When it came to us, I used my caffeinated state to employ the old Jedi mind trick. We had come from no accommodation and the back packers we had stayed in previously was not to be recommended. I focused my mind into a laser pointer of will, and silently projected 'Edgewater Resort, Edgewater Resort'. The person behind the counter said 'I will see if I can try to get you into the Edgewater Resort'. Whoah! It worked! These really are the droids you were looking for! We had not been overlooked.

Then came several long weird days at the Edgewater Resort.

There were activities. There was crab racing (don't ask). There were Island Nites. There were drinks with amusing umbrellas in them. There was a gift shop. It rained. Day by day there was no news about when we could be rebooked. We talked to others who were part of the now-famous Virgin Offload. They were all disgruntled and trying to get home to sit exams and go to sports tournaments and get back to their jobs. We met one couple who had been placed at Edgewater who found it just impossible there, just not their sort of place at all. Their own accommodation had been too expensive for the airline to cover. The woman just broke down with the awfulness of it. She cried and cried and cried and finally they went back to their previous place. When we met them next she was on a social media crusade against the horror that is airline offload.

I became withdrawn by the peculiar liminality of our situation. I imagined being at the Edgewater Resort for years and years, like Hotel California, sitting at the same table with the same drink (with its amusing umbrella), becoming a small ghost. I would die there and nobody would ever sit at that table again. I would just gradually grey out into the rain. I would write the great Cook Islands novel - which would be about an honest and deeply religious policeman who returned from the mean streets of South Auckland to his home on Mauke, only to be caught up in a terrible conspiracy involving murder and corruption in the very heart of the tourist industry. The novel would be discovered under my bed and published posthumously, to great acclaim.
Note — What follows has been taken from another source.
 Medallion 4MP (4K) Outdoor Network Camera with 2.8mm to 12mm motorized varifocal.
We did stuff of course, went for walks and so on. During our previous stay we met up with a couple of Kiwi teachers on a contract to teach for three years. They had that terrifying world weariness of ex pats. They were well over Rarotonga. The locals were just unstable, they had funny names and they didn't seem to care about the right things. And they were fundamentally lazy, honestly, you just can't think about what will happen to your work after you have gone. You employ a gardener, and as soon as you turn your back they just stop work. They don't cultivate anything. They don't even care about their own arts and crafts. All the real work is done by foreigners.
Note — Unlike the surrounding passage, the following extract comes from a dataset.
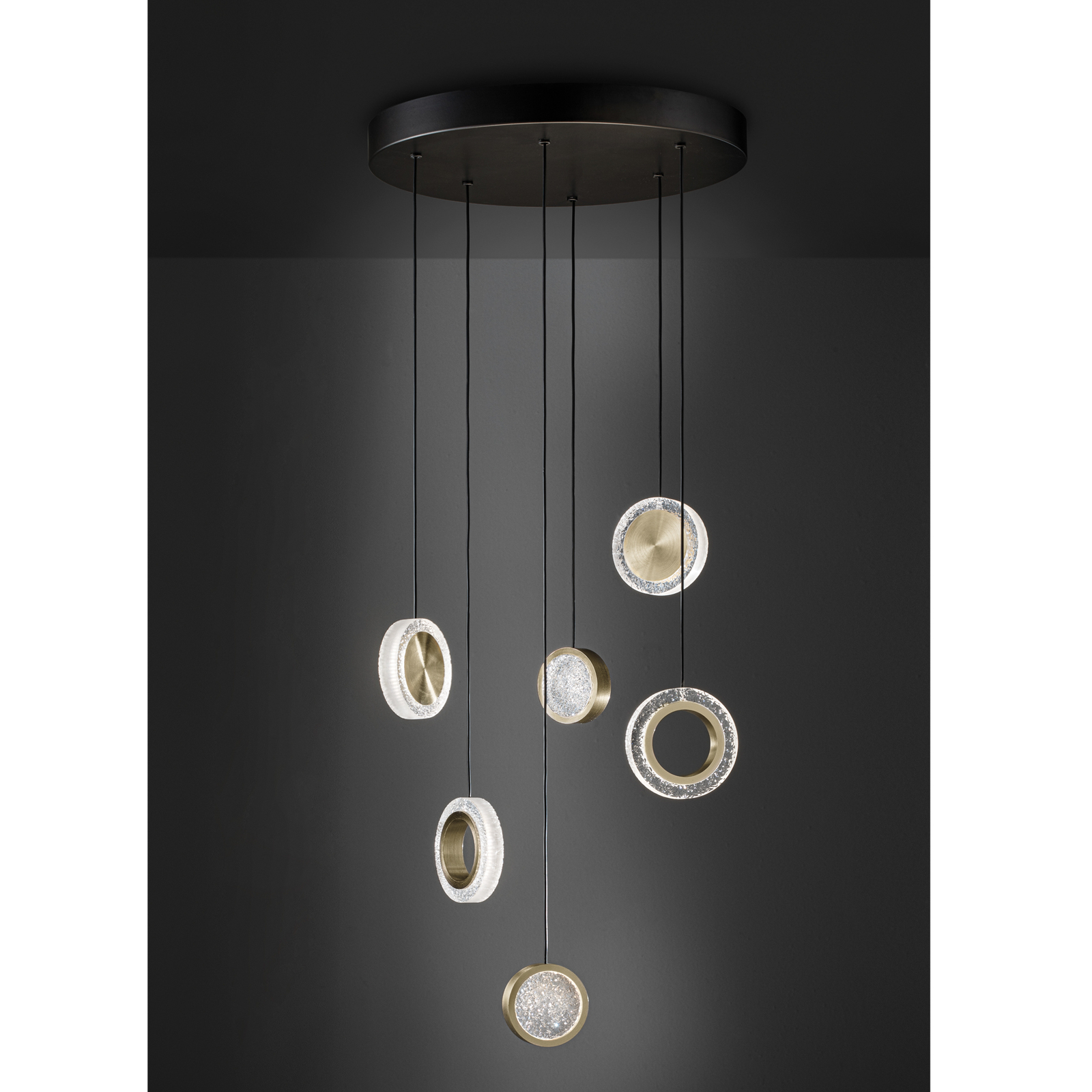 LED hanglamp Yo-Yo, 6-lamps, zwart/goud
So when we went walking we often commented on this. Whenever we saw cultivation we commented on the lazy sods who had clearly never done anything. You grow taro in swamps, for example. To grow taro you make a swamp, and then after you have cultivated the taro you have good land you can drain and plant things like tomatoes. It all looks a bit like work to me. We also commented on local people who were somehow overcoming their inherent laziness to do things like mow their lawns and trim their hedges. And we even saw a local woman going for a run. Now, that is a real proper western style legitimate activity because it involves expensive brand name shoes.  Running without expensive brand name shoes isn't really running - it's just rushing around. It's probably even running away from something. In fact running without expensive brand name shoes is practically criminal.
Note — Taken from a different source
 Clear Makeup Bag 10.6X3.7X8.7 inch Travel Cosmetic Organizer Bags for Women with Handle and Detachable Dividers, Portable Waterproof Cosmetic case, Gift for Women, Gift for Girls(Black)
Three days later we were among the lucky ones. Thanks to some ferocious lobbying from my travelling companion, and many international phone calls, we were on a plane. Others remained stranded in paradise, eating from their $50 a day vouchers and stressing about work and the costs of the cattery. But we were back in the cool of a New Zealand Spring, having enjoyed more than we bargained for.


And here, not well photographed unfortunately, is my all time favourite fish, the Seal Faced Puffer Fish. It is from the Whale and Wildlife Museum, a good place on Raro. Go there.






Thursday, October 17, 2013

On Atiu - In which I go caving and discover I am only a hobbit after all

When we got off the Bandit at Atiu airport we were greeted by an amusing sign:

So we handed in our weapons and were given the usual beautiful fragrant ei and welcomed hugely.

Atiu has a population of something just south of 500. Similar to Mauke, the villages cluster around the centre and the outer rim consists of makatea, which is fossilised coral sometimes making formations the height of doorways. We were here to see the kopeka, the Atiu swiftlet. The kopeka is endemic to Atiu. It is unique in that it uses its eyes in the light, and echolocation in the cave where it lives. We went caving to see them.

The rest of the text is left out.